In Summary
  • Disruption and competition is not happening so much in technology hubs, but in real-life business situations.
  • In food delivery, the companies people used to call to order pizza and burgers are now competing with apps of taxi companies and platforms that they use to pay electricity and water bills.
  • There are also big opportunities in cargo transportation which accounts for 35 percent of the cost of some goods in Africa.
  • In areas of passenger transport, mega disrupters like Uber and Matatus are themselves being disrupted themselves.

Nairobi was once described as a hotbed of innovation. But the story of disruption and competition is not happening so much in technology hubs, but in real-life business situations.

Kiosks and petrol stations are turning in to drop-off points for parcel and e-commerce companies. The SGR has taken away trucking business on the Mombasa Highway and plans for the Naivasha dry port are leading to an atrophy of Mombasa courier firms.

Instagram is disrupting clothes shops at malls.
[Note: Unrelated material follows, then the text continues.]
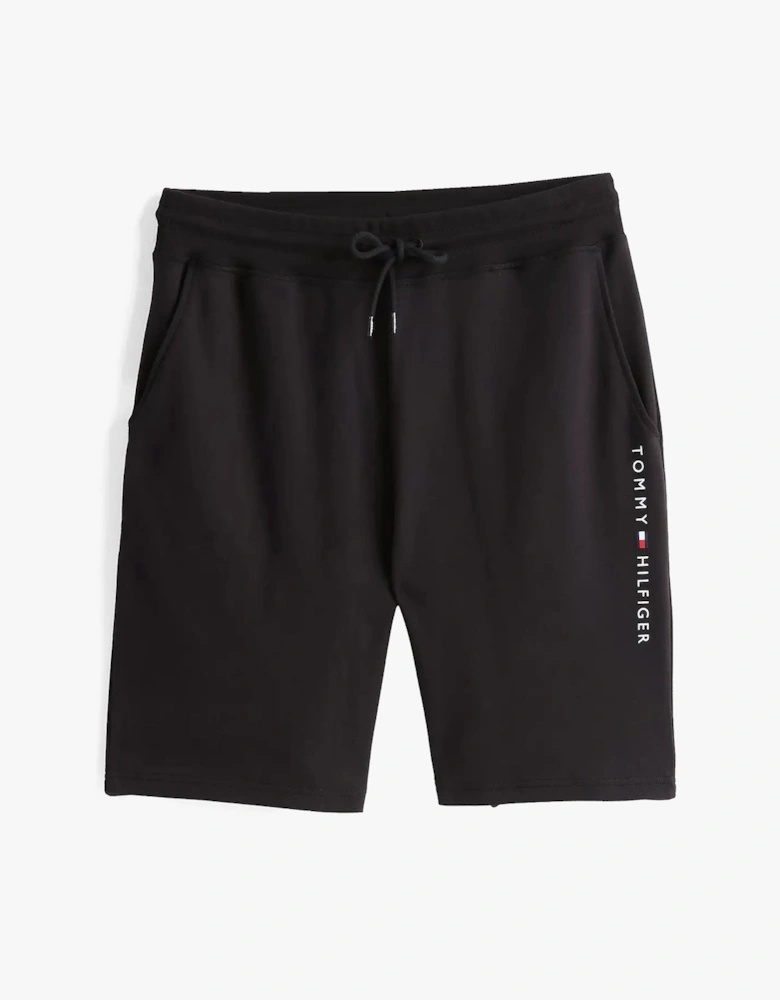 Mens Lounge Shorts Black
Supermarkets are disrupting restaurants by offering ready-cooked food based on the amount shoppers want to pay.

Co-working spaces, which disrupted offices, are now being partially replaced by bars that have Wi-Fi, coffee, car washes, and free parking that are all conducive for quiet morning meetings.

But the most interesting developments are in the spaces of food delivery, cargo transportation and matatu commutes.

COMPETING WITH APPS

In food delivery, the companies people used to call to order pizza and burgers are now competing with apps of taxi companies and platforms that they use to pay electricity and water bills.